___ Provided records ___

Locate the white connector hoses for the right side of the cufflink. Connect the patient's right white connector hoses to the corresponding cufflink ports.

___
___ Provided records ___

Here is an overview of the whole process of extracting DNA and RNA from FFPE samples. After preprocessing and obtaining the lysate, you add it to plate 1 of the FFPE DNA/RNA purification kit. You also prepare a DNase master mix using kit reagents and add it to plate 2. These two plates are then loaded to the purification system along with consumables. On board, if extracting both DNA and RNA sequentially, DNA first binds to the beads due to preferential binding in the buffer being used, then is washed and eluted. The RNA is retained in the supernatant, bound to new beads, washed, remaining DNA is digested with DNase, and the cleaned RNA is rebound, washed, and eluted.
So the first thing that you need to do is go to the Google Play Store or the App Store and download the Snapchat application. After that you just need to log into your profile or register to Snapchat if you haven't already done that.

___
___ Provided records ___

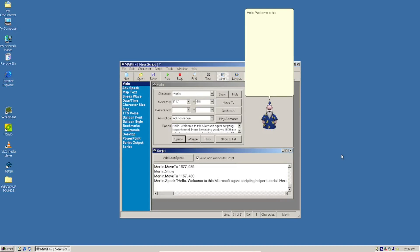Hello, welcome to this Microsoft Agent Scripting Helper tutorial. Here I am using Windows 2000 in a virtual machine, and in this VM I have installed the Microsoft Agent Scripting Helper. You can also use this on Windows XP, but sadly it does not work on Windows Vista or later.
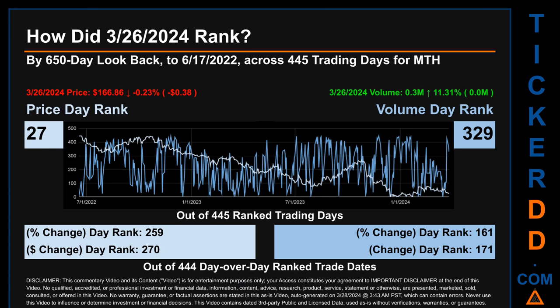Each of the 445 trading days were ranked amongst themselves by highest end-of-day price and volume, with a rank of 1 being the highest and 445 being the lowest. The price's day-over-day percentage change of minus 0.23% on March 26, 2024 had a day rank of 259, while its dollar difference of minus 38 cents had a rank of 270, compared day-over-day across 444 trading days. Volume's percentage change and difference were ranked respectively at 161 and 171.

___

Among the entries above, how many lines include "After"? State the number and nothing else.

2